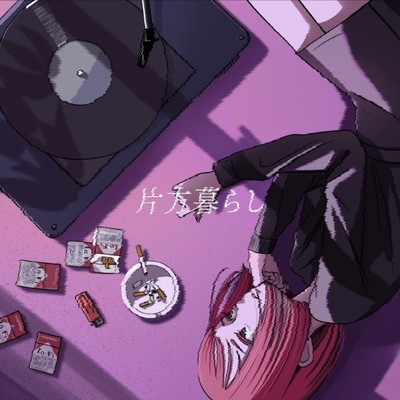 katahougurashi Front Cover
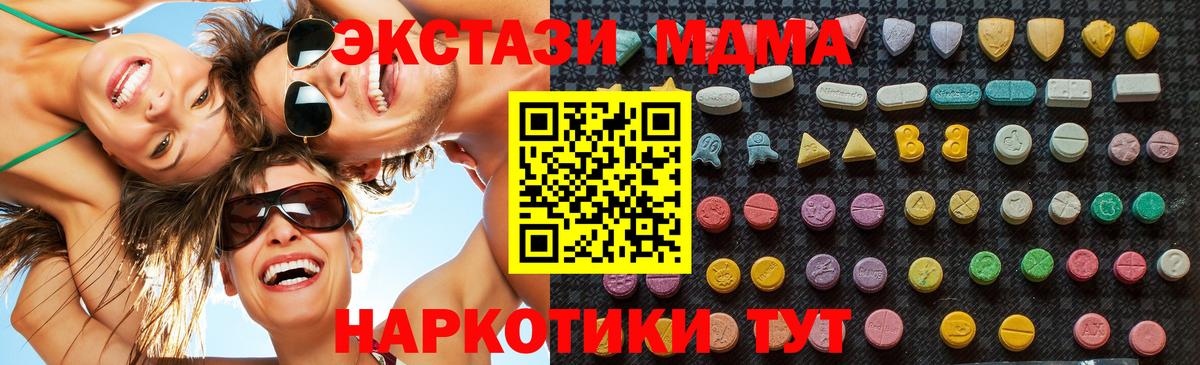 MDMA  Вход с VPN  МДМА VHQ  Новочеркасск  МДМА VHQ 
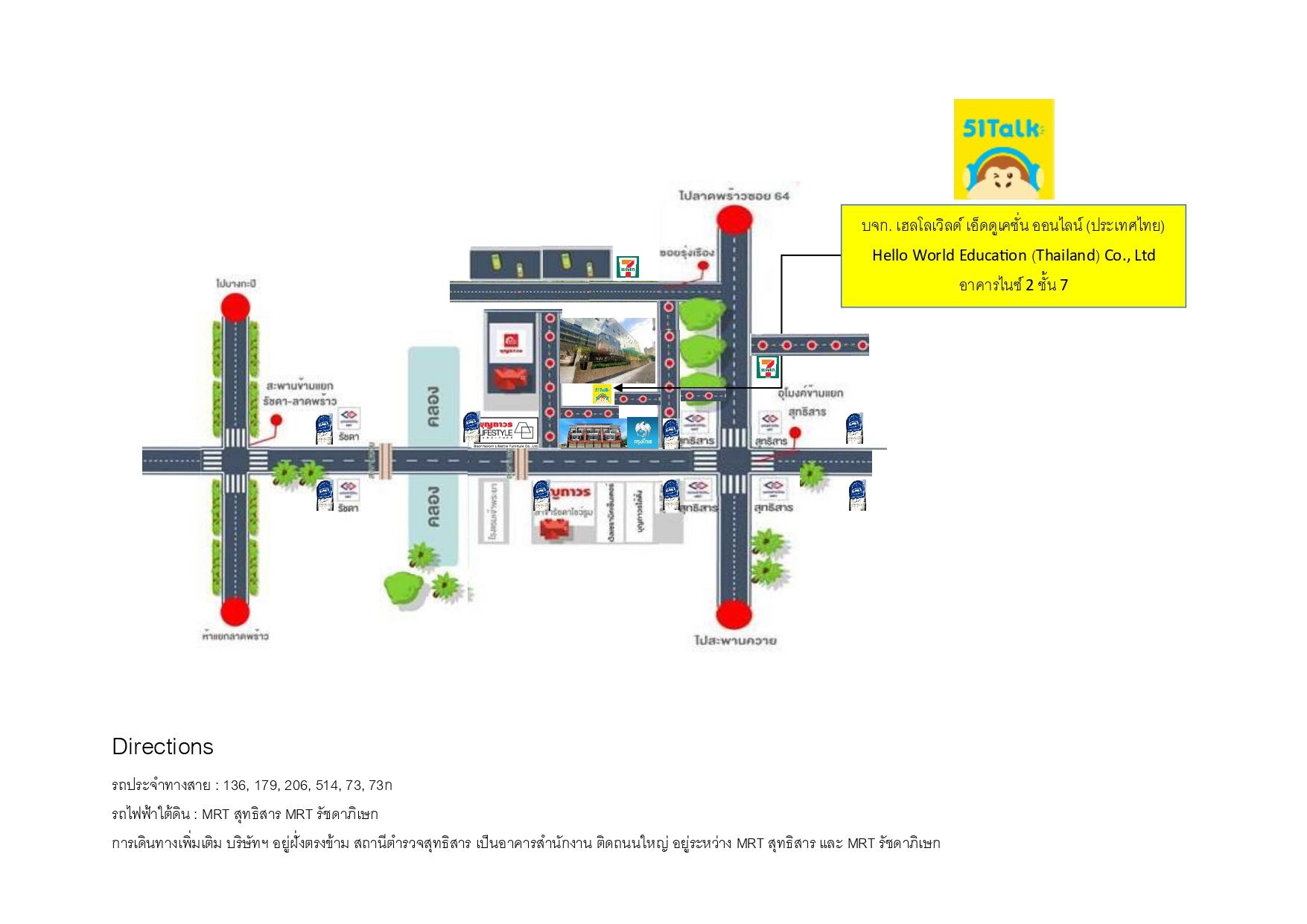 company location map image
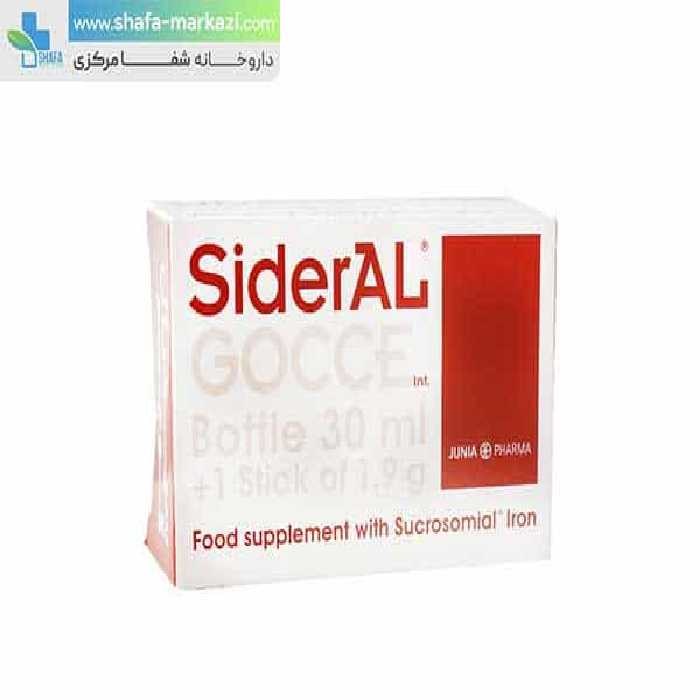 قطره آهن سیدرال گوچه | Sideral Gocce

○ ○ ○ ○

● **Task details**
Repeat the material above verbatim, with no pictures in the output.

● **Reply to the task**
 katahougurashi Front Cover
 MDMA  Вход с VPN  МДМА VHQ  Новочеркасск  МДМА VHQ 
 company location map image
 قطره آهن سیدرال گوچه | Sideral Gocce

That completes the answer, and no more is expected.